Très vite, j'ai su que je ne quitterais jamais Monsieur, car, malgré des hauts et des bas, je l'aime encore et toujours. De plus, nous avons fait la plus belle chose qui soit au monde :
notre Lutin.
Très vite, je l'ai dit à l'Amant, qui, lui, aurait aimé que nous vivions ensemble. Il était alors marié, sans enfant. C'était plus facile pour lui, déjà à l'époque.

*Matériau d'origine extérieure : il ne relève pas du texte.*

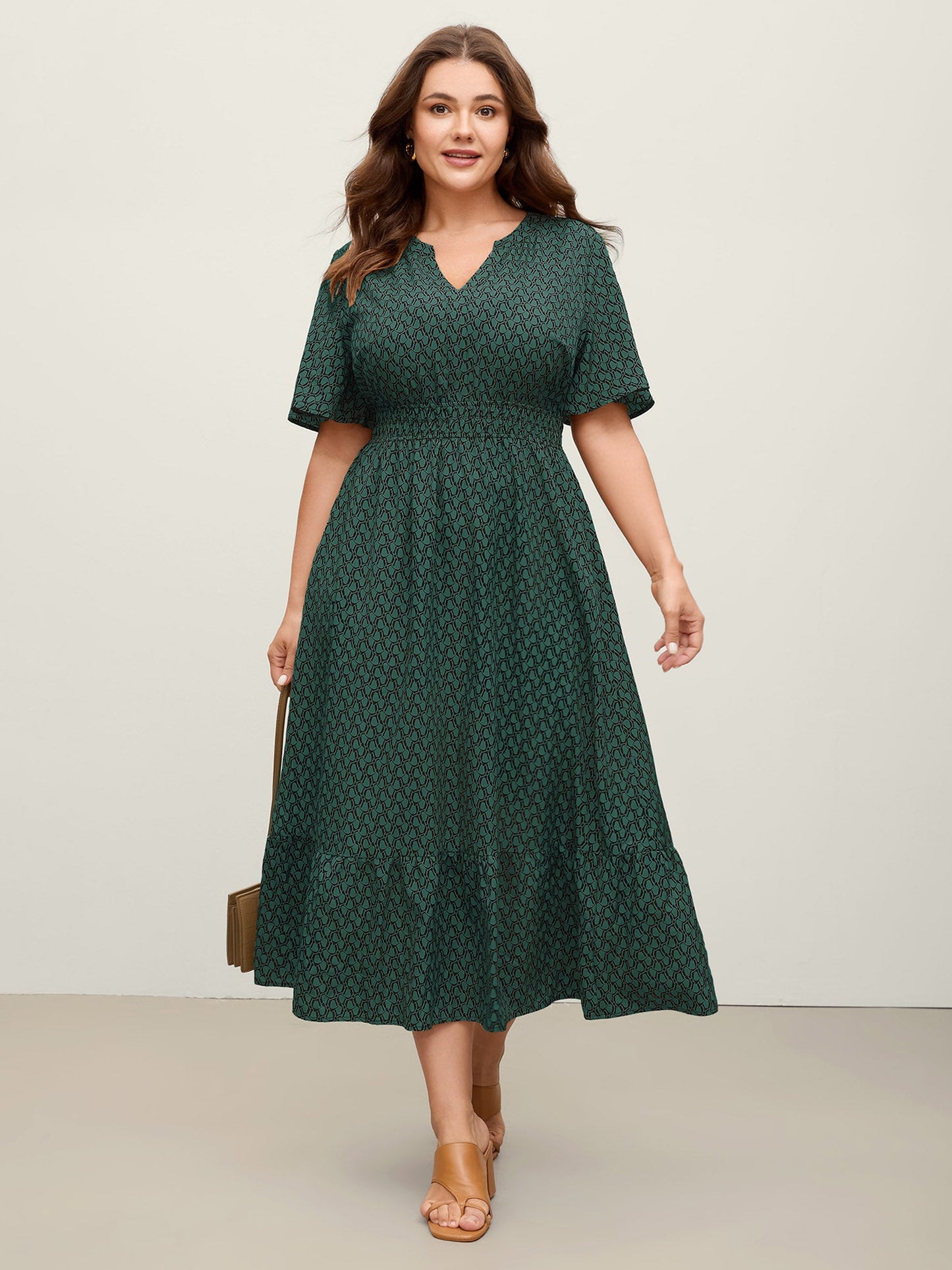 Geometric Print Waist-Cinched Tiered Midi Dress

Puis, l'Amant m'a trahie, avec une ancienne collègue, avec qui il habite aujourd'hui. Il aurait voulu, alors que nous cessions de nous voir. Je ne l'ai pas supporté, je l'ai retenu de toute la
force de mes larmes et de mon corps. Il m'est finalement revenu, car il a compris qu'il ne pouvait se passer de moi, comme moi de lui. Car, je le répète, malgré l'amour que je porte à Monsieur,
qui est sincère, j'ai aussi besoin de l'amour de l'Amant, qui me fait du bien.

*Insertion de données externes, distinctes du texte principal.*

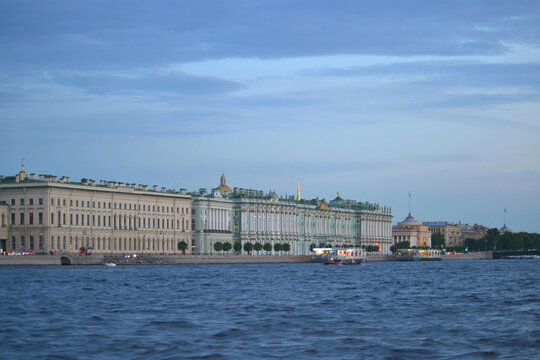 Saint Petersburg, Russia, during white nights. Panoramic view from the Neva river.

Depuis lors, nous nous voyons en secret. Entre temps, l'Amant a divorcé. Il est toujours avec sa Compagne, chez qui il vit par facilité (c'est tellement difficile de trouver à se loger de nos
jours ! Elle lui fournit donc un certain confort assez facile, puisqu'elle ne sait rien de notre liaison qui dure).

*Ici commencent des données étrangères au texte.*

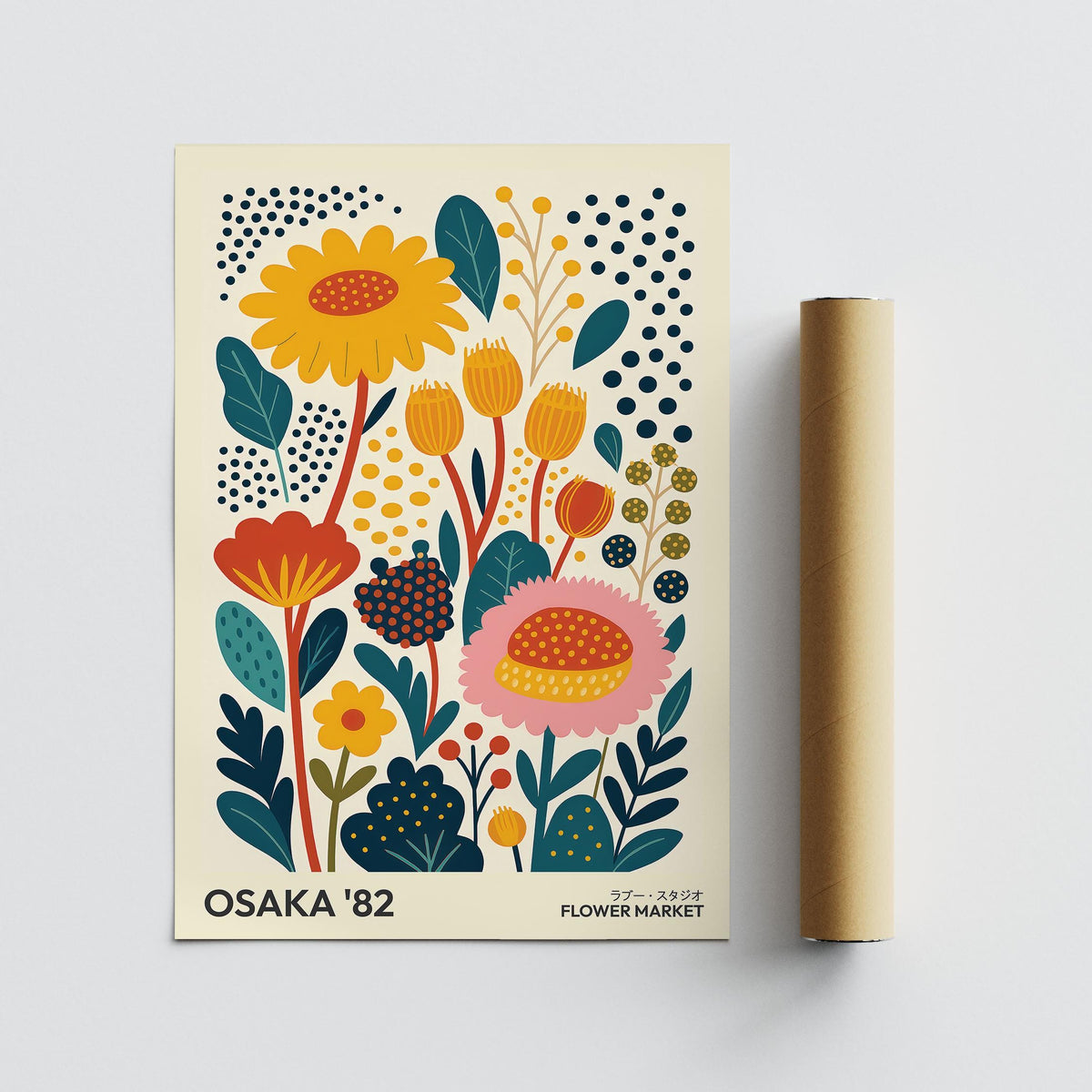 Graphic Spring Print with bold garden flowers on cream background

Sa situation est beaucoup plus facile à gérer que la mienne, qui dois jongler entre le temps passé avec Lutin et Monsieur, le temps passé au travail...
J'ai été un peu souffrante dernièrement et je suis rentrée de congés maladie il y a peu : pendant mon absence, le retard dans mon travail , que je suis seule à assurer, s'est considérablement
cumulé. Aussi, hier, jeudi, profitant du fait que ma bibliothèque était fermée au public grâce à la grève, je fais en sorte de rattraper un peu mon retard. L'amant a fait preuve alors d'un
certain égoïsme : lui s'est mis en grève et il n'a pas compris que je ne me mette pas moi même en arrêt. Il m'a en quelque sorte fait une scène, en me disant que je n'étais pas
disponible.
Théoriquement, il comprend que je ne peux matériellement pas lui accorder tout le temps que j'aimerais. Théoriquement, il comprend que je me dois à ma famille. Mais, dans les faits, il n'a aucune
idée de tous les efforts que je dois déployer pour le rejoindre : les mensonges à Monsieur, à Lutin, à mes parents et à mes amis. Il oublie que si je fais tout cela, c'est par amour pour lui : si
je ne l'aimais pas, pourrais-je lui accorder tant d'effort ?
Mener une double vie n'est pas facile. Pourtant, encore aujourd'hui, malgré tous mes sacrifices, je ne saurais faire autrement. : J'aime Lutin, j'aime Monsieur et j'aime l'Amant.